Using satellite maps and assessing other coastal country data, a World Bank report of 2007 confirms that with a metre of sea-level rise,
approximately 194,000 sq kms and 56 million people in 84 developing countries would be affected. In India, Orissa is the most vulnerable to rise
in sea-level; a metre of sea-level rise here will inundate about 800 sq km. The Satabhaya sea level rise case is an ominous pointer. In 2005,
when this correspondent visited this area, about 1,000 people lived in two villages: Satabhaya and Kahnpur in Kendrapara district. The sea has
since advanced nearly 300m inward, forcing about 150 families to migrate. The sea waves have already forced the opening of a new mouth in
the Chilika Lake which has the potential to drastically change the hydrological character of Asia's largest brackish water lagoon.
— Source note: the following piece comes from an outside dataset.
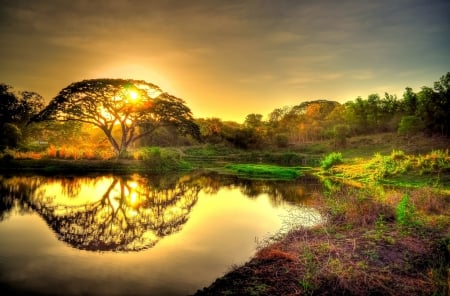 Amazing Sunset - sky, lake, reflection, sun, mirror, tree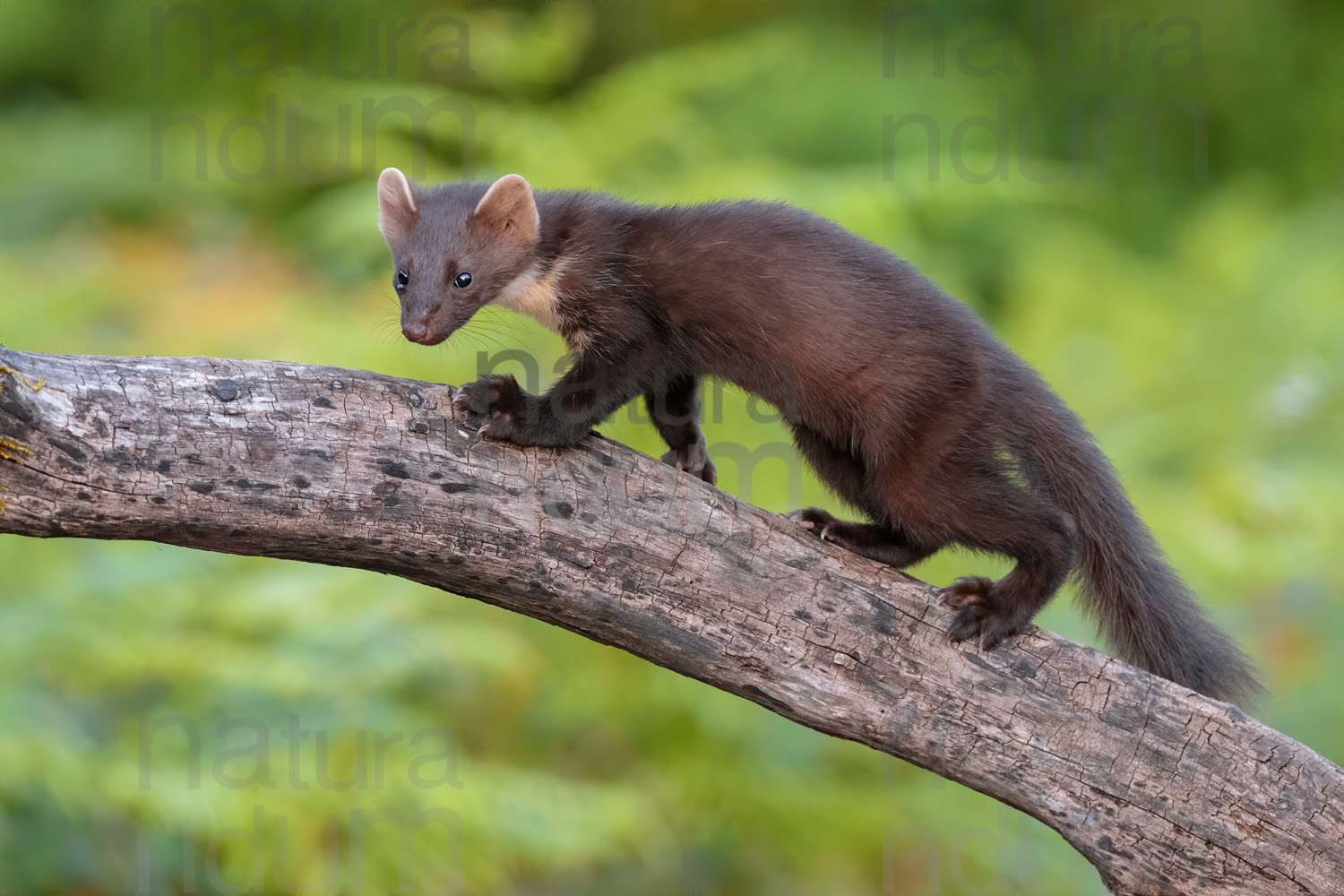 Photos of Pine Marten (Martes martes)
Now with the Bay of Bengal threatening to erode larger tracts of coastal Orissa, the government on August 12, decided to rehabilitate all families
from the Satabhaya area to a location of their choice. Each family would be entitled to 2 acres (.8 ha) of agricultural land, 2 decimals of
homestead land and money equalling the value of a low cost Indira Awas Yojana house. The Satabhaya villagers however suspect this move as a
pre-election stunt.
Earlier on August 6, the government decided to raise walls on the Puri beach at a cost of Rs 7 crores, a scheme which is supposed to be
implemented soon. Last year, the Gopalpur beach was eroded drastically but it is not yet in the plan.
The matter once again comes back to square one, say environmentalists; the government is busy hatching more management plans, instead of
considering the impact of climate change due to global warming and developing a scientific plan to save the coast of Orissa, before it is too late.